The Right’s Phony Class War

The populist right’s new intellectuals are abuzz about capitalism and class. Don’t be fooled. Their denunciations of "cosmopolitan elites" actually provide cover for the plunder by the rich and powerful.

Republicans Attend Faith And Freedom Coalition's Road To Majority Policy Conference

Sen. Josh Hawley (R-MO) addresses the Faith and Freedom Coalition’s Road to Majority Policy Conference at the US Capitol Visitor’s Center Auditorium June 27, 2019 in Washington, DC. Chip Somodevilla / Getty Images


During the 2016 presidential campaign, Donald Trump appeared to upend conservative orthodoxy with a clear message of economic populism: globalization is bad, NAFTA sold you out, greedy corporations are sending your jobs overseas. A billionaire vulture capitalist himself, Trump was an implausible bearer of such a message.

Since in office he has pulled a predictable bait and switch, retaining his xenophobic obsessions while imposing an even more vampiric version of the GOP’s standard economic fare: assaults on Obamacare; gigantic, regressive tax cuts; deregulation of every sort; and attacks on the government’s minimal aid to the poorest and most precarious Americans.

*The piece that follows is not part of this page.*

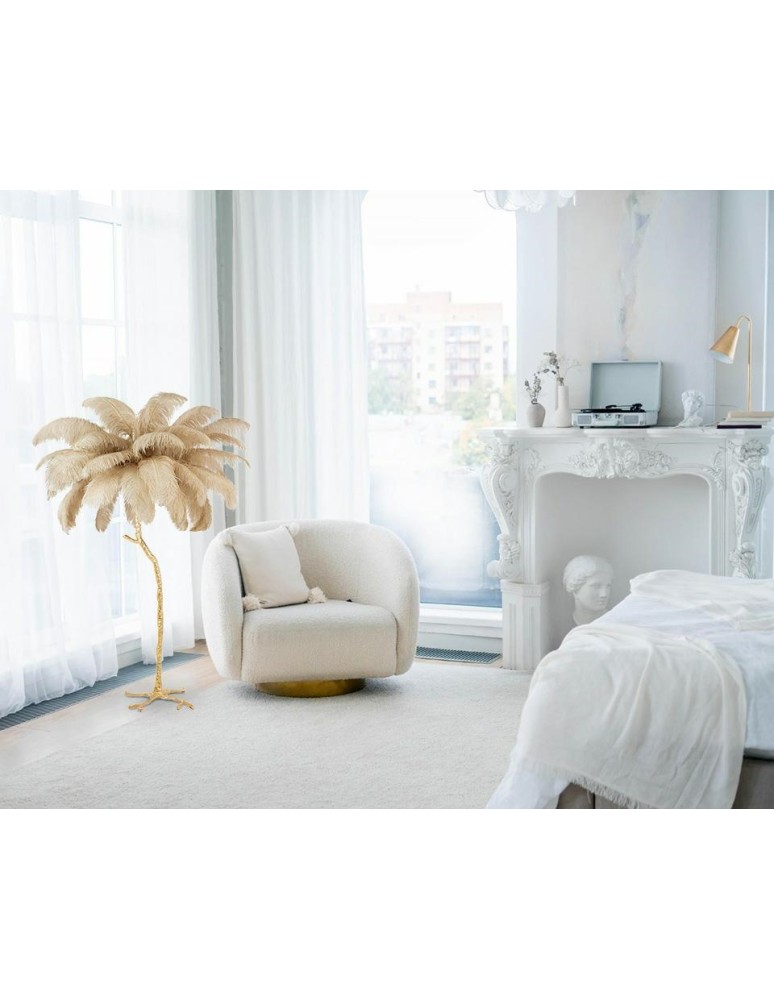 Designer floor lamps - King Home TIFFANY 175 floor lamp beige brass / natural feathers (MSE1501100418) - product kolory-swiatla.pl 2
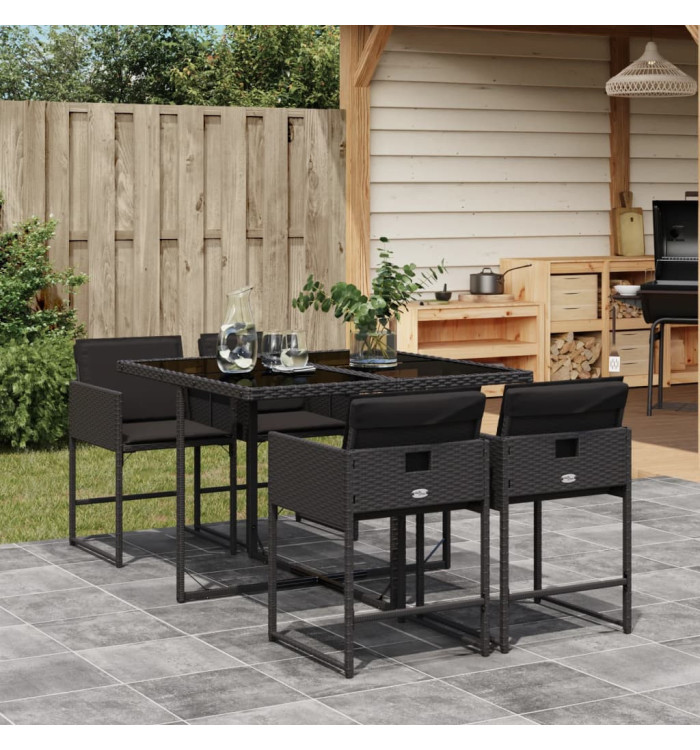 Ensemble à manger de jardin coussins 5pcs Noir Résine tressée | Mobilier & Déco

All along, the Trump carnival has attracted intellectuals who see a potential in right-wing populism that, due to his mental and ideological emptiness, Trump can never deliver himself. An emerging class of right-wing populist intellectuals has increasingly taken aim at decades of Republican pro-business orthodoxy, talking about a yawning gap between a bipartisan American elite and everyone else.